Jika kita bandingkan antara firman Allah, “Sesungguhnya Kami telah menurunkannya (Alqu­ran) pada Lailatulkadar.” (Q.S Al-Qadr [97]: 1) dengan riwayat Abu Qatadah tentang pengu­tusan Nabi Muhammad sebagai rasul adalah pada hari Senin, serta berdasarkan perhitungan dari penelitian ilmiah tentang jatuhnya hari Senin pada bulan Ramadan tahun itu maka jelaslah bagi kami bahwa pengutusan Nabi Muhammad adalah pada malam ke-21 Ramadan.
Dengan demikian jelas sudah bahwa Nuzul Alquran itu sama sekali tidak terjadi pada 17 Ramadan, tetapi tepatnya terjadi pada Lailatul­kadar ketika itu yaitu tanggal 21 Ramadan yang bertepatan dengan 10 Agustus 610 M. Lalu mengapa masih saja tetap diperingati pada 17 Ramadan? Sangat tidak lucu jika sesuatu itu diperingati bukan pada saatnya, bukan?
Lagi pula untuk apa peringatan-peringatan itu jika pada kenyataannya Alqu­ran tak lebih dari sekadar sesuatu yang diabaikan? Atau Alquran tak kurang dari ajaran yang nilainya diamalkan se­kehendak hati saja?
Laksana puasa yang sedang dijalankan di bulan Ramadan ini. Semua kalangan benar-benar merasa berkepentingan untuk mengondisikan kaum muslimin dengan perintah puasa.

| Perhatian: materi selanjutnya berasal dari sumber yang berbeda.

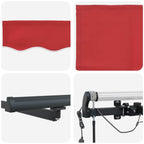 Markisenstoff Rot 400 x 300 cm Polyester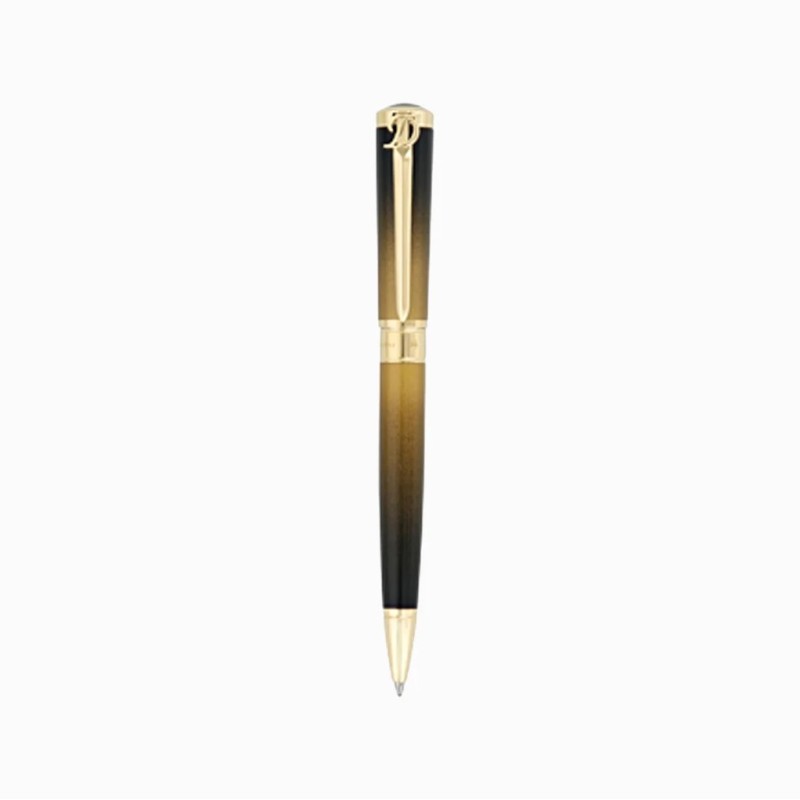 STYLO BILLE SWORD OR JAUNE S.T. DUPONT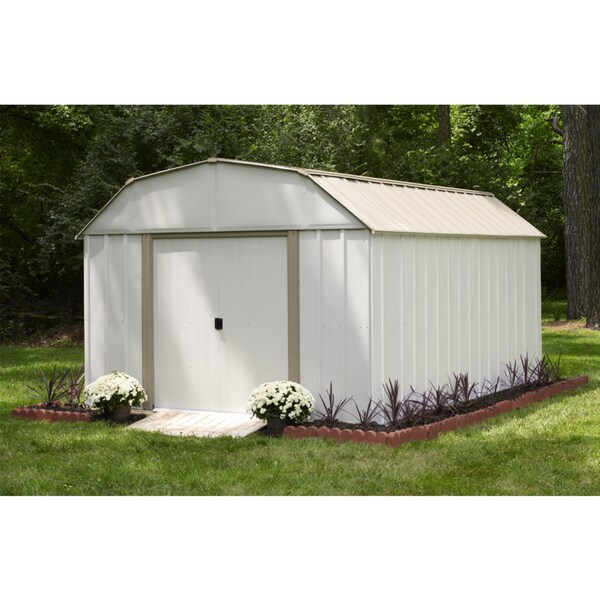 Arrow Lexington Lx1014 Galvanized Steel Storage Shed 10 X 14 Arrow Lexington Lx1014 Galvanized Steel Storage Shed 10 X27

Apakah kandungan Alquran puasa ini sajakah? Lalu bagai­mana dengan ajaran-ajaran lain dalam Alquran tentang kewa­jiban berhukum dalam segala hal dengan hukum Allah? Seperti juga suruhan Alquran untuk menutup seluruh aurat bagi muslimah? Pun dengan sejumlah ketetapan pidana dalam Alquran diantaranya kisas, rajam dan potong tangan?
Ataukah kaum muslimin saat ini tak ubahnya bagaikan orang-orang Yahudi yang dimur­kai karena mereka seperti yang dinyatakan dalam firman Allah, “…Apakah kalian beriman kepada sebagian Kitab (Taurat) dan ingkar kepada sebagian (yang lain)?,,,” (Q.S Al-Baqarah [2]: 85). Jika demikian adanya, bersiap sedialah untuk menerima konsekuensi dari perangai Yahudi itu seperti kelanjutan ayat tadi, “…Tidak ada balasan (yang pantas) bagi orang-orang yang berbuat demikian di antara kalianselain kenistaan dalam kehidupan dunia, dan pada hari Kiamat mereka dikembalikan kepada azab yang paling berat…” (Q.S Al-Baqarah [2]: 85). Na’uudzu billaahi min dzaalik.